A good start for potato seed production
It has been a good start for potato seed production in Taita Taveta. ‘Through AVCD, we are on course to establishing a good seed system that will ensure steady and timely supply of seed potato . For the first time in the County’s history, we produced 9 tonnes of potato seed during the long rains of 2020,’ states Davis Mwangoma, Taita Taveta County Executive Committee Member for Agriculture, Livestock and Fisheries.
‘For 2021, we acquired 2.85 tonnes of basic seed from Agricultural Development Corporation, Molo, which we supplied to our seed producers and hope to produce 20 tonnes,’ states Peter Mwamburi, TTFPFO manager.
Scaling up seed potato production
Encouraged by good harvest in 2020, TTFPFO and the producer groups are scaling up seed potato production.
For Mreshinyi Farmers Group in Wusi/Kishamba Ward, Mwatate, one of the seed producer groups planted 11 bags (550 kg) of basic seed as a group in the long rains season of 2020. The yields were encouraging, harvesting 77 bags (3,850 kg) of seed. From these, the group distributed 100kg of seed to every member and sold the rest at 60 Kenya Shillings (Ksh) to TTPFPO.
Impressed with the returns, the group is increasing the production more than fivefold. ‘Members are so fired up with the new venture that every member has committed to plant at least 100 kg next season, up from the 20 kg they planted last season. As a group, we are doubling the production from the 550 kg to 1 tonne next season,’ states Henry Wandagu, the group Chairman.
A Mreshinyi group member, Anastasia Myambu, from Ngerenyi Mwakivua village, is hooked to potato seed production. ‘This was my first time to plant potatoes, and it will not be my last going with the returns. From the 20 kg I planted, I harvested 200 kg. I have now planted 100 kg and looking forward to a bumper harvest. Out of the remaining 100 kg, I sold some at 60 shillings per kg, and donated some to my neighbors who had been really impressed with the crop performance but did not have cash to purchase the seed.’
‘We are grateful to USAID (the United States Agency for International Development), AVCD program, CIP, KCSAP and County Government. The GAP trainings were very helpful in impacting our farmers with the appropriate agronomic skills. The setting up of the learning farms and other promotional activities helped us to appreciate the performances of the various varieties and really ignited the interest and passion you see in our farmers,’ states Mwamburi adding, ‘The leadership training has proved critical to the setting up, operations and management of the organization and is helping run the organization as a business enterprise.’
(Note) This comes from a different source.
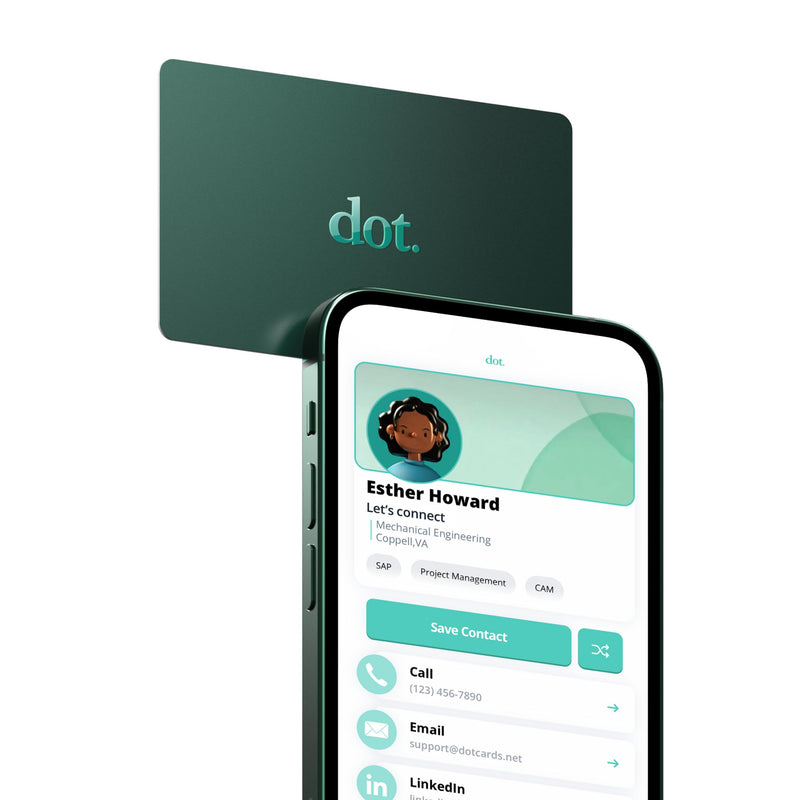 dot. Pack - Digital Business Card Starter Pack - Tap to Share - iPhone & Android (Green)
TTPFPO had only 26 members at its establishment. Within just one year, it has mobilized and registered 600 members but ambitiously targets to have 1000 members by end of June 2021. To achieve this feat, the organization has tasked the 11 committee members to recruit at least 45 members by end of June 2021. ‘It is important to achieve this feat if we are to break even as a business. On average, our farmers have 0.5 acres committed to production of seed potato. With 1 shilling per kg per farmer as our markup and 2 shillings per kg from each farmer as their savings, we need 3000 – 4000 farmers to break even according to our business plan,’ states Mwamburi.
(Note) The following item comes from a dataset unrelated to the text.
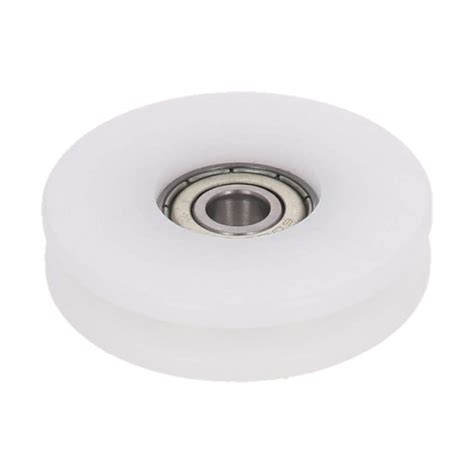 Buy MroMax Nylon Plastic Pulley U-Shape Groove Wheel 8x50x12mm Guide ...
Attaining the 1000 membership also comes with goodies from the County Government that helped the group develop its business plan. It has promised to provide a Ksh 10 million grant for construction of a storage facility should the group attain the 1000 membership, according to Kariku.
‘Our target is to be self-reliant in seed production. We are confident that we the support we are getting from AVCD, the various producer groups and their umbrella organizations will be sufficient in the next 2 years,’ states Mwamburi.